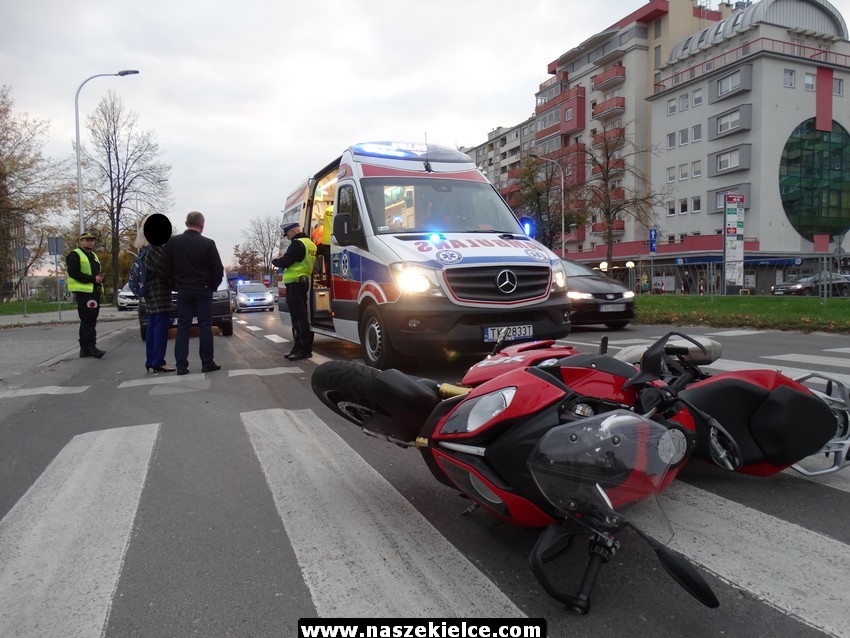 Wypadek motocyklisty na ulicy Warszawskiej 15.10.2017 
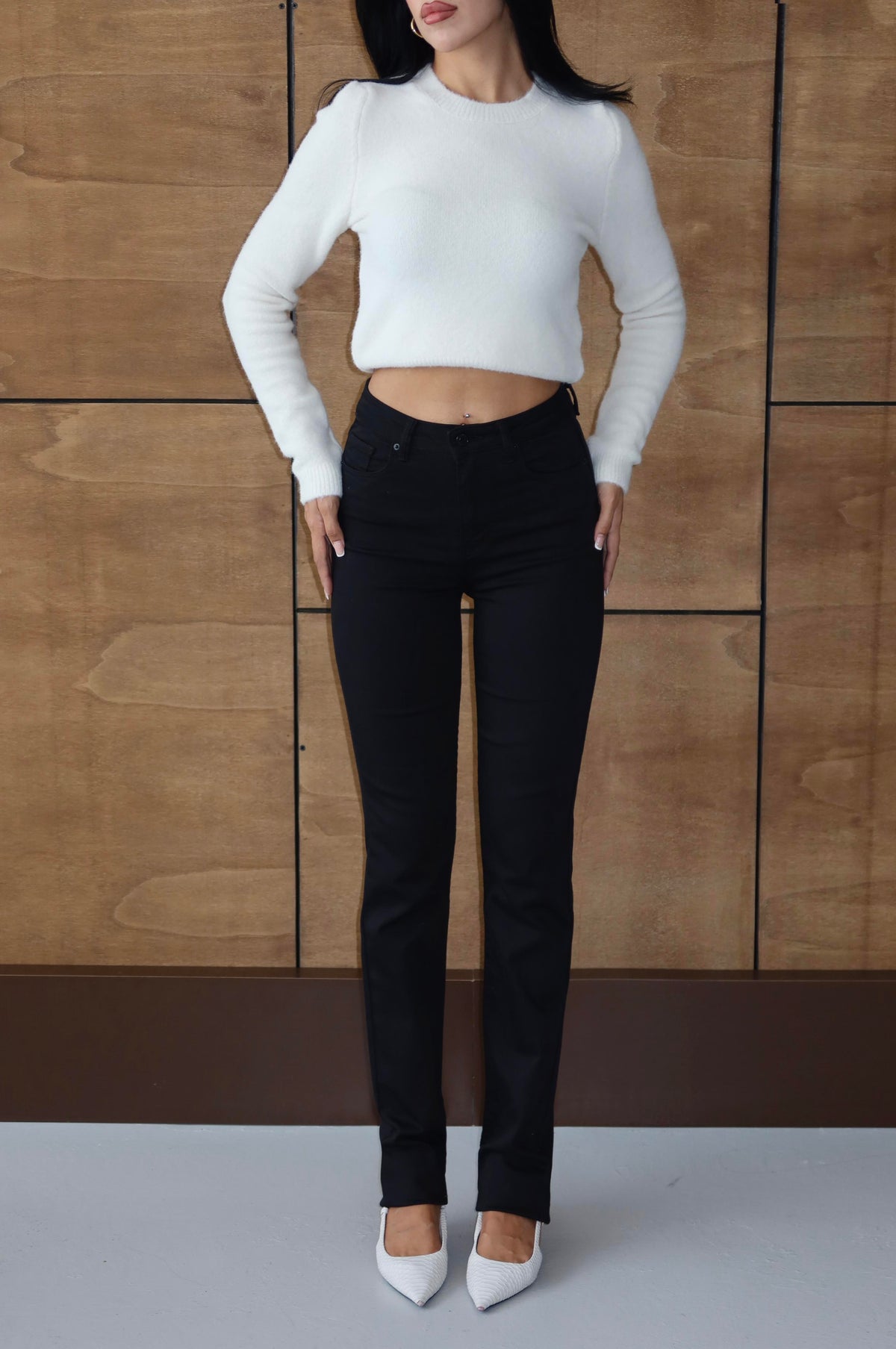 Pantalon Jean Negru Talie Înaltă Cupa Clasică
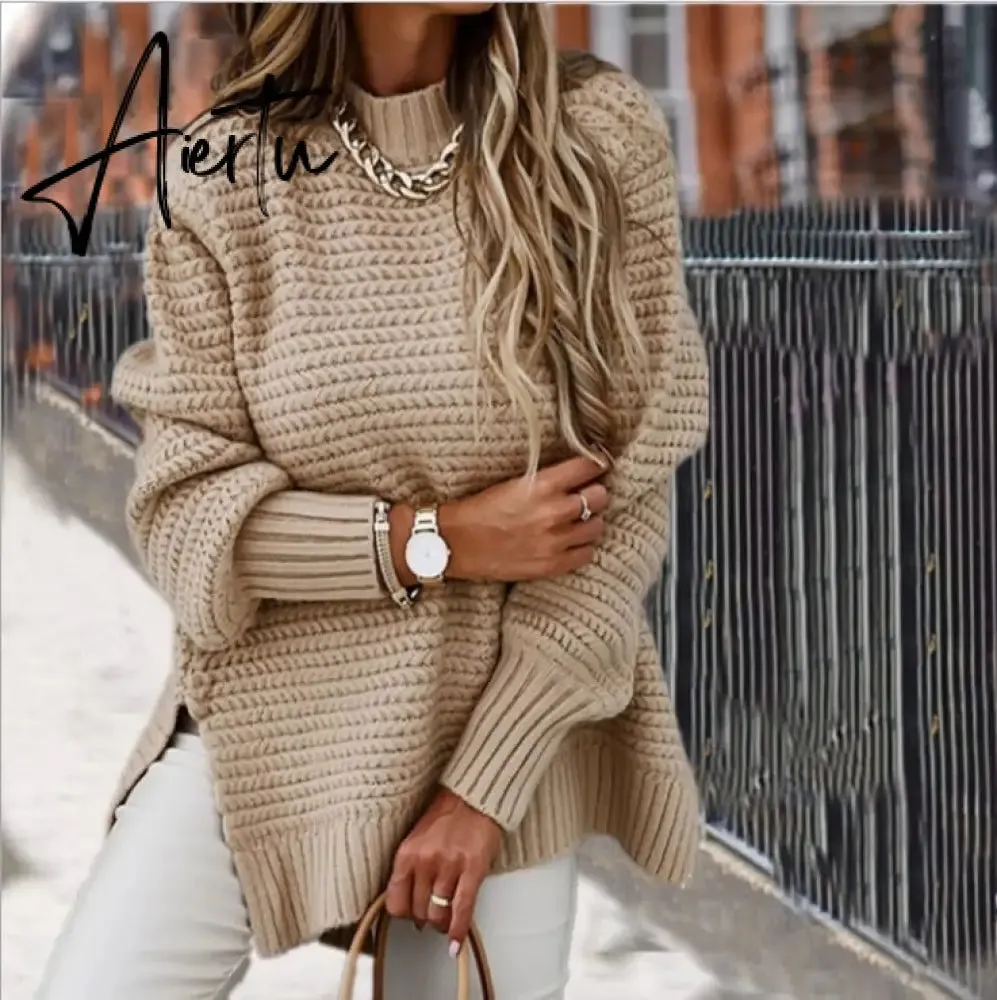 Women Sweaters Autumn Winter Mock Neck Batwing Sleeve Coarse Kint Pullovers Tops Female Casual O-Neck Side Split Long Sweater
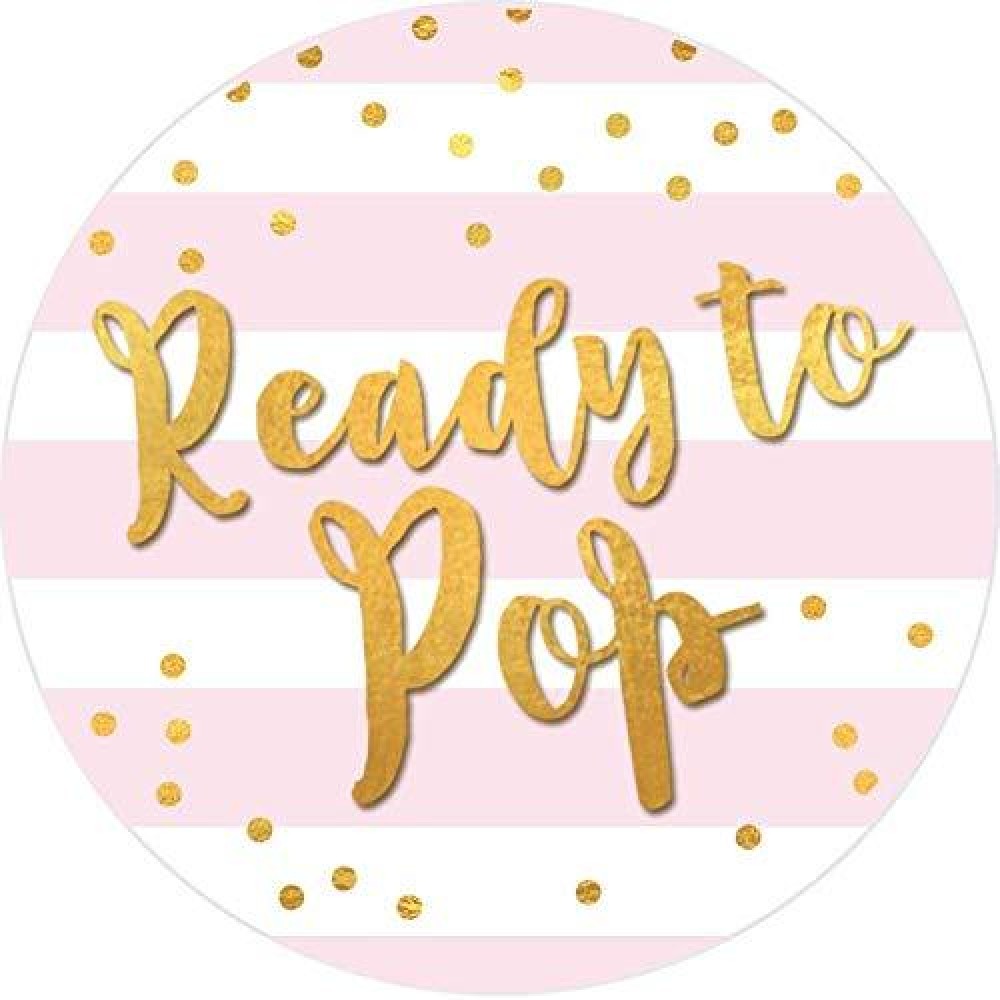 Stripe Ready To Pop Stickers Faux Metallic Gold 2 Inches Round 40 Stickers Ready To Pop Baby Stickers For Popcorn Baby Show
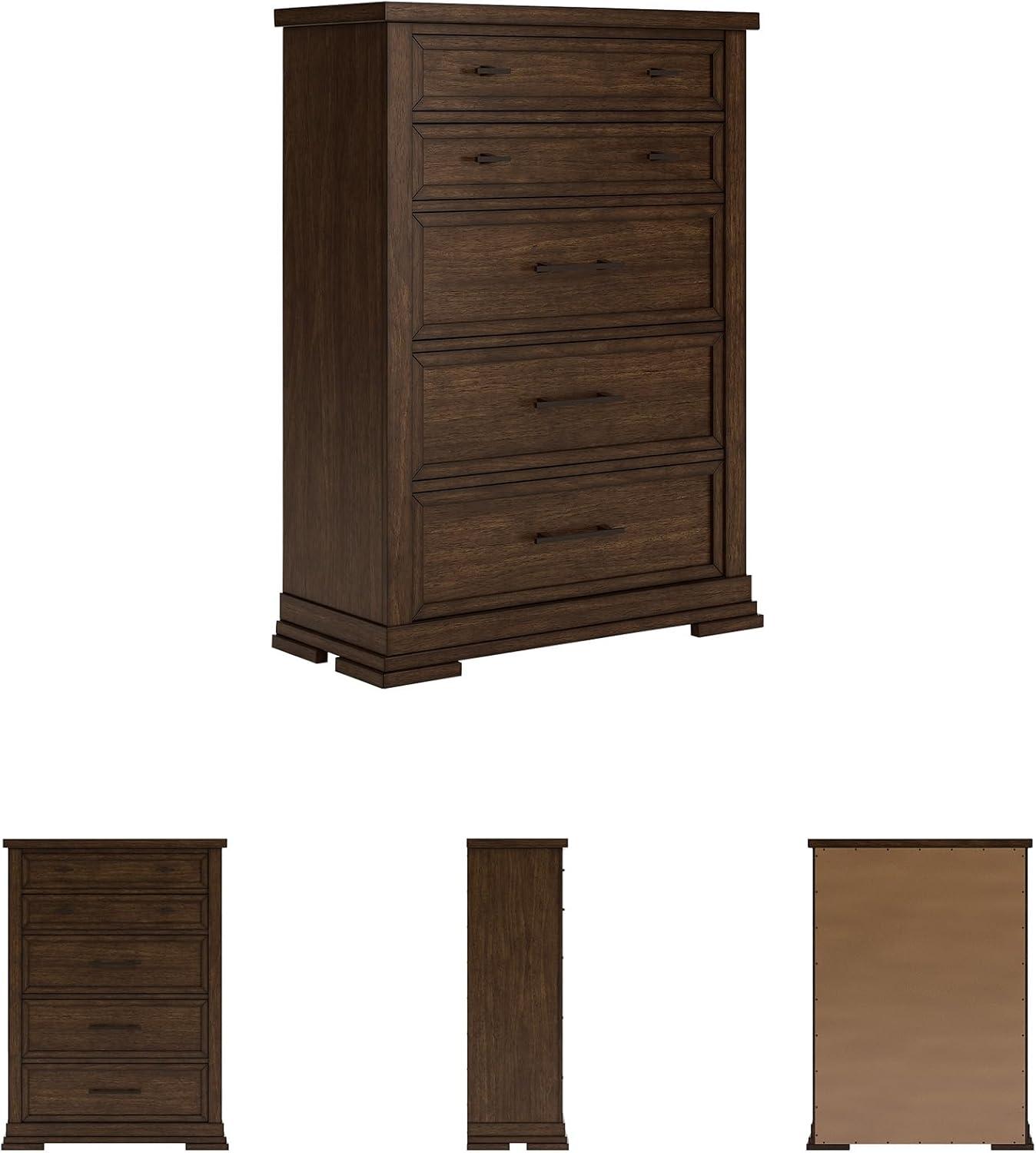 imageSignature Design by Ashley Darcalli Retro 6 Drawer Dresser with Easy Glide and Safety Stop BrownMedium Brown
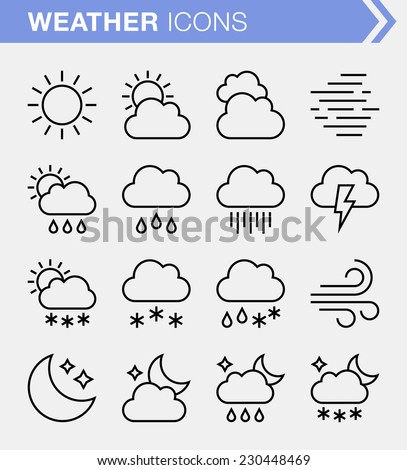 Set of thin line weather icons.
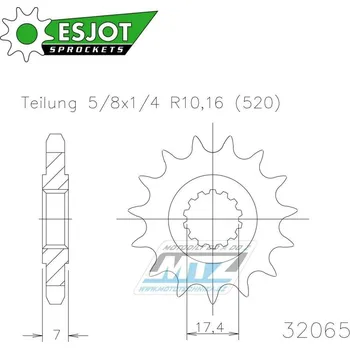 Řetězová sada pro motocykl Kolečko řetězové (pastorek) 32065-13zubů ESJOT 50-32065-13 - KTM 125 Sting / 98 50-32065-13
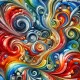 Vibrant and colorful abstract painting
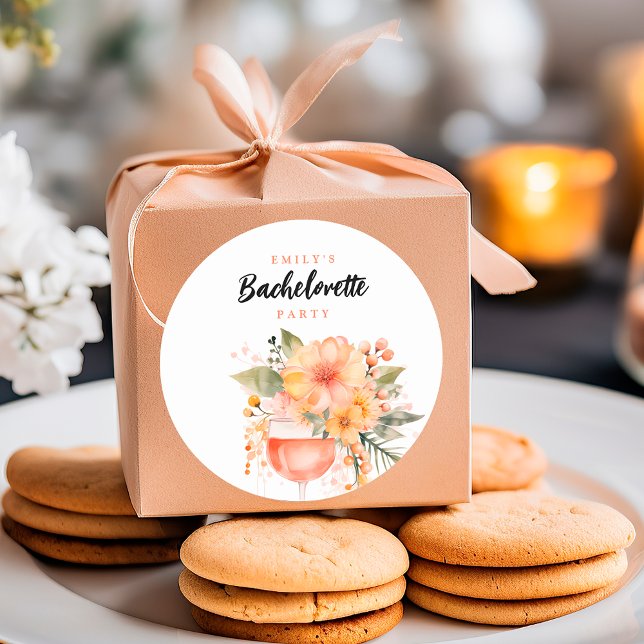 Aperol Spritz Floral Junggeselinnen-Abschied Runder Aufkleber (Von Creator hochgeladen)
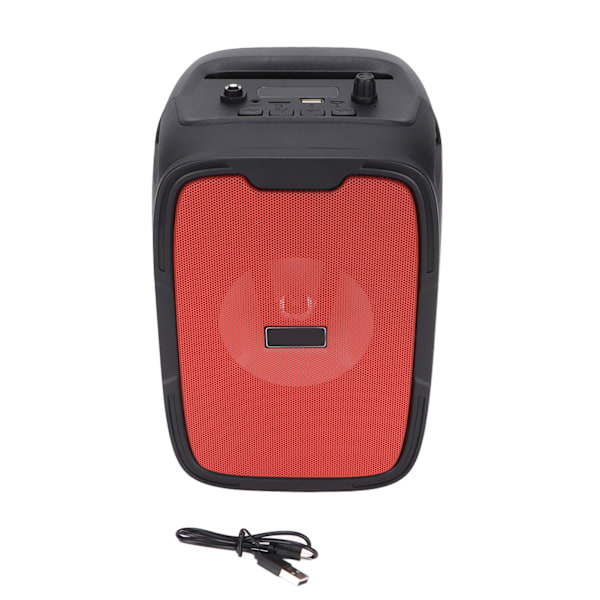 Bluetooth-kaiutin Super Bass Subwoofer Kannettava LED Langaton Kaiutin FM-radiolla Ulkokaraokeen 5 tuumaa Punainen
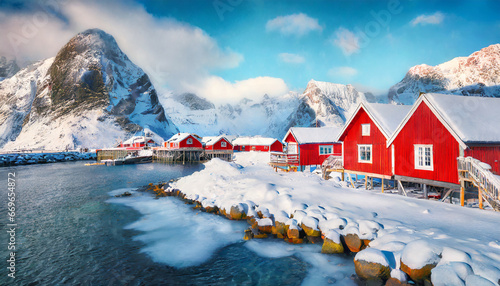 snowy winter view of justad fishing village on vestvagoy island with red chalets on background cold morning scene of lofoten islands after huge snowfall traveling concept background photo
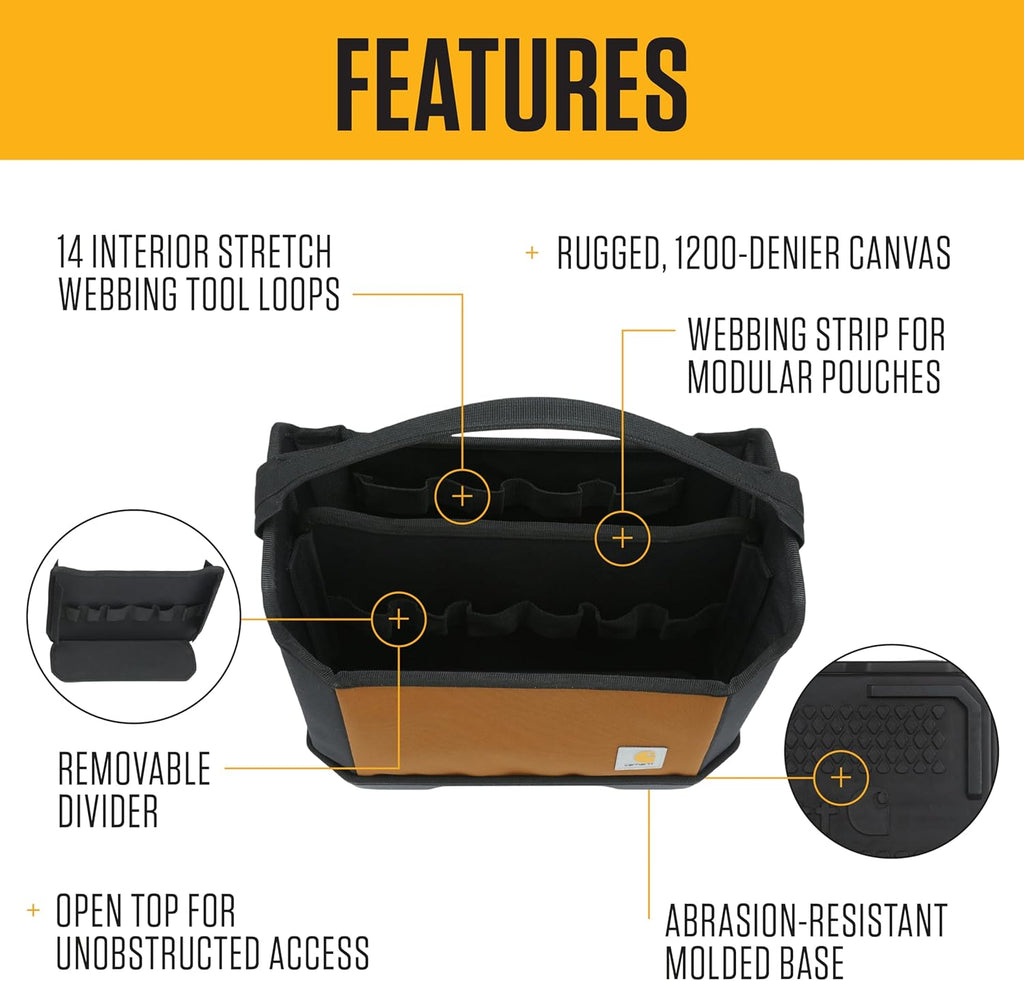 Carhartt Station Tool Organizer, Durable, Water-Resistant, Station Tool Tote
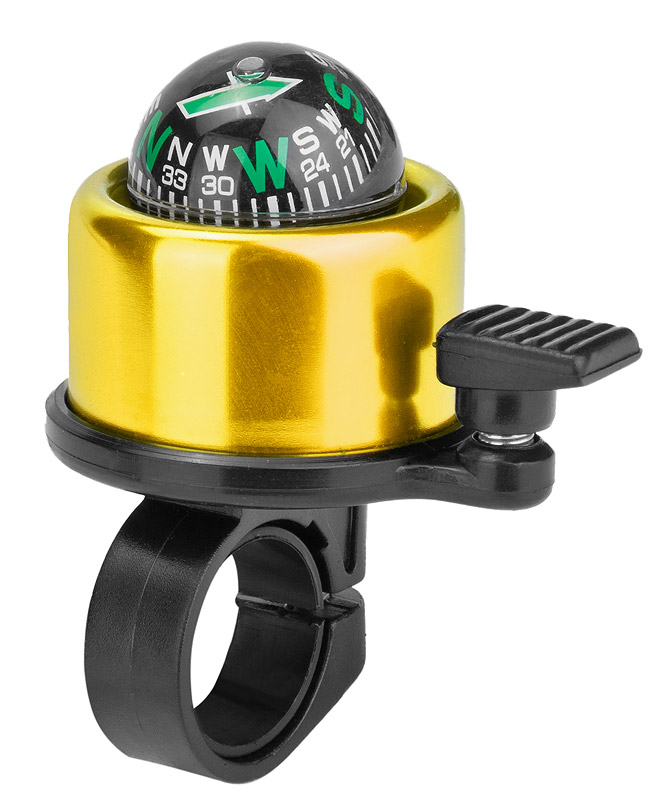 Звонок 14A-02 "Компас" алюминий/пластик, чёрно-золотистый 210101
----------
* [About this exercise]: Images must not appear; print each record precisely as it reads.

* [Response box]:
 Wypadek motocyklisty na ulicy Warszawskiej 15.10.2017 
 Pantalon Jean Negru Talie Înaltă Cupa Clasică
 Women Sweaters Autumn Winter Mock Neck Batwing Sleeve Coarse Kint Pullovers Tops Female Casual O-Neck Side Split Long Sweater
 Stripe Ready To Pop Stickers Faux Metallic Gold 2 Inches Round 40 Stickers Ready To Pop Baby Stickers For Popcorn Baby Show
 imageSignature Design by Ashley Darcalli Retro 6 Drawer Dresser with Easy Glide and Safety Stop BrownMedium Brown
 Set of thin line weather icons.
 Řetězová sada pro motocykl Kolečko řetězové (pastorek) 32065-13zubů ESJOT 50-32065-13 - KTM 125 Sting / 98 50-32065-13
 Vibrant and colorful abstract painting
 Aperol Spritz Floral Junggeselinnen-Abschied Runder Aufkleber (Von Creator hochgeladen)
 Bluetooth-kaiutin Super Bass Subwoofer Kannettava LED Langaton Kaiutin FM-radiolla Ulkokaraokeen 5 tuumaa Punainen
 snowy winter view of justad fishing village on vestvagoy island with red chalets on background cold morning scene of lofoten islands after huge snowfall traveling concept background photo
 Carhartt Station Tool Organizer, Durable, Water-Resistant, Station Tool Tote
 Звонок 14A-02 "Компас" алюминий/пластик, чёрно-золотистый 210101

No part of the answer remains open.